▸ **Data listing**:
>>>>

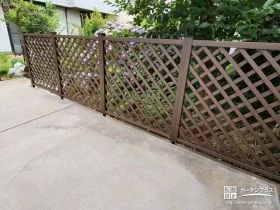 植栽の緑に映えるパインカラーの格子状目隠しフェンス設置工事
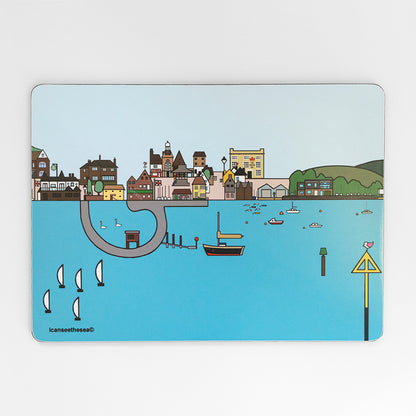 a placemat of a painting of emsworth. The water is pastel blue with sailing boats, swans, fishing boats and buoys. The horizon has lots of detailed buildings, streets, trees and a pub. The sky in the back ground is pale blue, and the water has a small area to walk round with swans. 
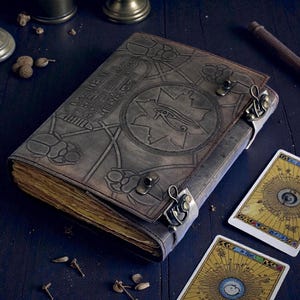 Puede incluir: Un diario de cuero gris con intrincados dise&ntilde;os en relieve, incluyendo jerogl&iacute;ficos y un s&iacute;mbolo de ojo. El diario est&aacute; asegurado con cierres met&aacute;licos y est&aacute; abierto, revelando p&aacute;ginas envejecidas y amarillentas. Se ven dos cartas de tarot.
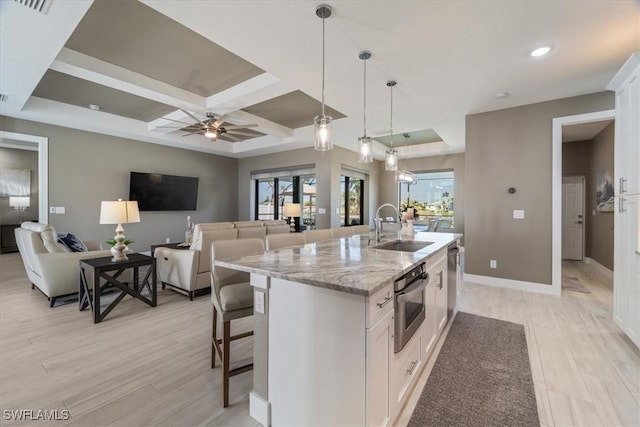 kitchen with a center island with sink, a sink, white cabinets, stainless steel oven, and light stone countertops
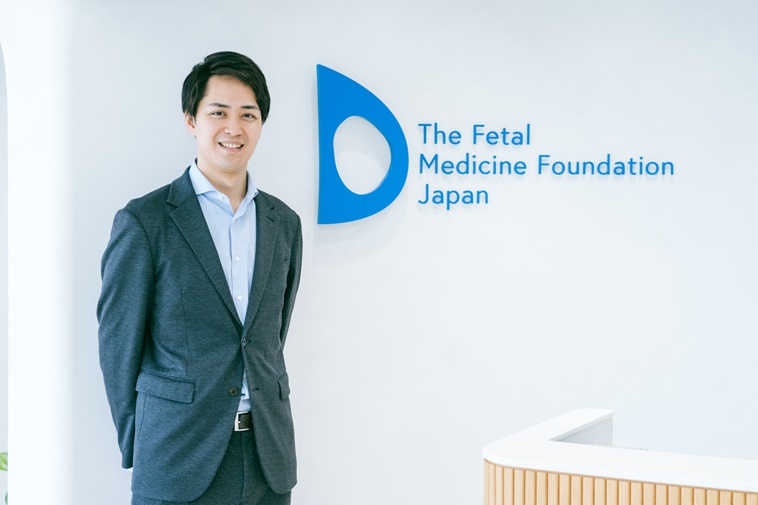 【写真】ご自身が運営する一般社団法人「FMF Japan」のロゴの前で笑顔を見せるはやしのぶひこさん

<<<<

▸ **Requirement**:
Would you please set down the data above again exactly, without its pictures?

▸ **Written solution**:
 植栽の緑に映えるパインカラーの格子状目隠しフェンス設置工事
 a placemat of a painting of emsworth. The water is pastel blue with sailing boats, swans, fishing boats and buoys. The horizon has lots of detailed buildings, streets, trees and a pub. The sky in the back ground is pale blue, and the water has a small area to walk round with swans. 
 Puede incluir: Un diario de cuero gris con intrincados dise&ntilde;os en relieve, incluyendo jerogl&iacute;ficos y un s&iacute;mbolo de ojo. El diario est&aacute; asegurado con cierres met&aacute;licos y est&aacute; abierto, revelando p&aacute;ginas envejecidas y amarillentas. Se ven dos cartas de tarot.
 kitchen with a center island with sink, a sink, white cabinets, stainless steel oven, and light stone countertops
 【写真】ご自身が運営する一般社団法人「FMF Japan」のロゴの前で笑顔を見せるはやしのぶひこさん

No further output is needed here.